Monday, Nov. 03, 1952
Peace by Piece
When Italy's Left-Wing Socialist Leader Pietro Nenni visited Moscow last July, he was granted a rare privilege: a personal interview with Stalin. Back home, Nenni became the first salesman to peddle the Kremlin's bright new line of peace goods. He offered it first to shrewd, 71-year-old Premier Alcide de Gasperi. When DeGasperi refused even to finger the wares from Moscow, Nenni last week took them to the floor of Italy's Chamber of Deputies.
Like any good huckster, Nenni began by disclaiming any gross material interest in the sale. He was not there "by order of Stalin," he said, but merely to report "conversations that have the advantage of being genuine." Then, smoothly, he began to play upon the fears of his audience: "The Kennan policy of containment . . . has failed." The alternative is "understanding or a third world war ... or maybe 30 years of cold war, which would be just as fatal." Echoing Malenkov, Nenni said that Russia "has no designs of conquest, since she considers her own security guaranteed." Then he had a quote from Stalin: "Our Revolution is not for export." At that point, amidst genuine laughter, someone shouted: "Mussolini said that, too."

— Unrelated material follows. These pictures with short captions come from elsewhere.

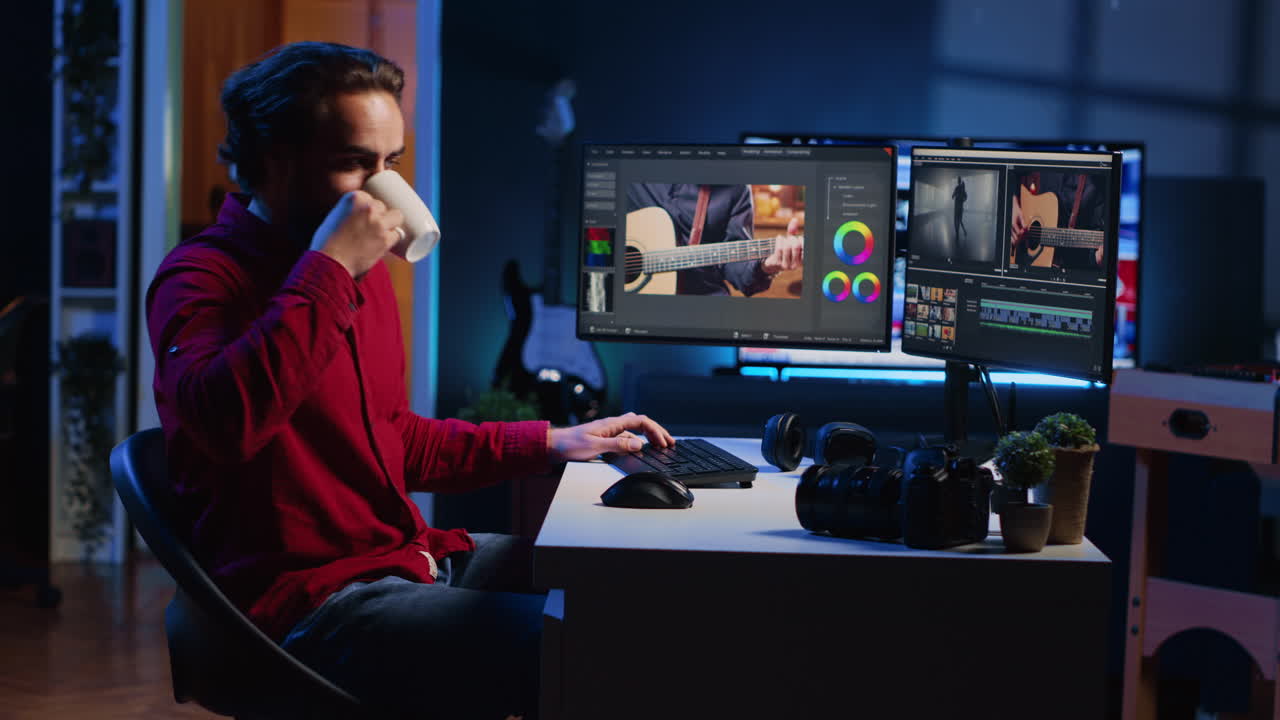editor de video comenzando a trabajar en el montaje de películas, utilizando aplicaciones de software especializadas en la pc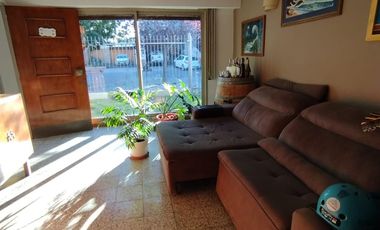 Casa en venta 3 dormitorios en centro de Tunuyán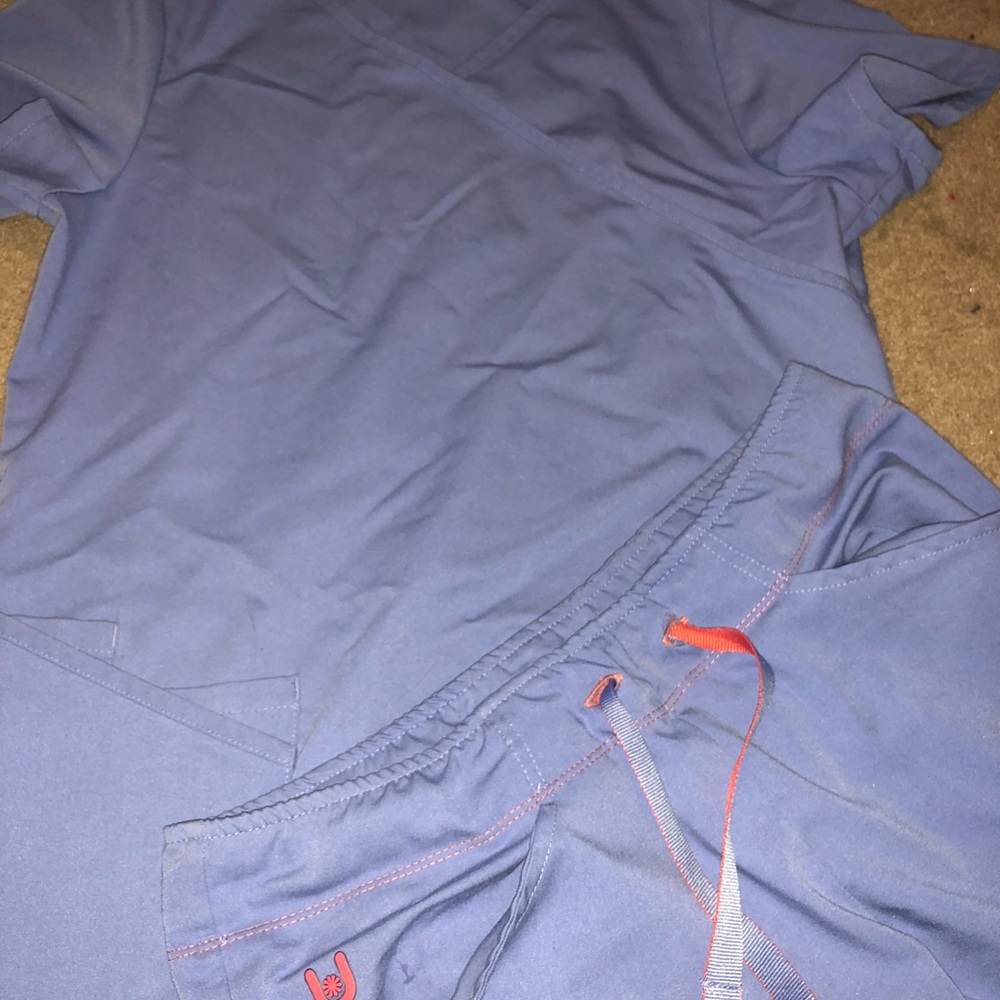 Top and bottom scrubs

Out of his carpet bag, Nenni now produced his samples: "Italian socialists ask for Italian initiative in order to improve relations with Russia by means of a bilateral non-aggression pact with the Soviet Union."
Next day, in case anyone should think that Nenni's effort did not have full Kremlin backing, Communist Leader Palmiro Togliatti, in his best double-breasted blue suit, told the deputies that Europe must choose between "a strong and friendly Russia in a prodigious moral and material ascendancy, which offers peace and well being to the entire world, and a barbarous America which openly prepares for war . . . The Italian government, if it is not completely blind, should establish profitable contacts with the Soviet bloc."

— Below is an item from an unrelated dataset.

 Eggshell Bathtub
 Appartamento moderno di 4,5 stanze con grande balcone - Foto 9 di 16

Consumer resistance now raised itself. Premier DeGasperi took the floor to speak for two hours. He began with a Ciceronian dunque (Now then) and went on to point out what had happened to other nations with which Russia had signed non-aggression pacts. He listed them off--Finland, Poland, Rumania, Estonia, Latvia, Lithuania--and then, while the Communist benches sat silently, he carefully gave dates and detail of how Russia had later invaded or occupied them all.
In other words, for Huckster Nenni: No Sale.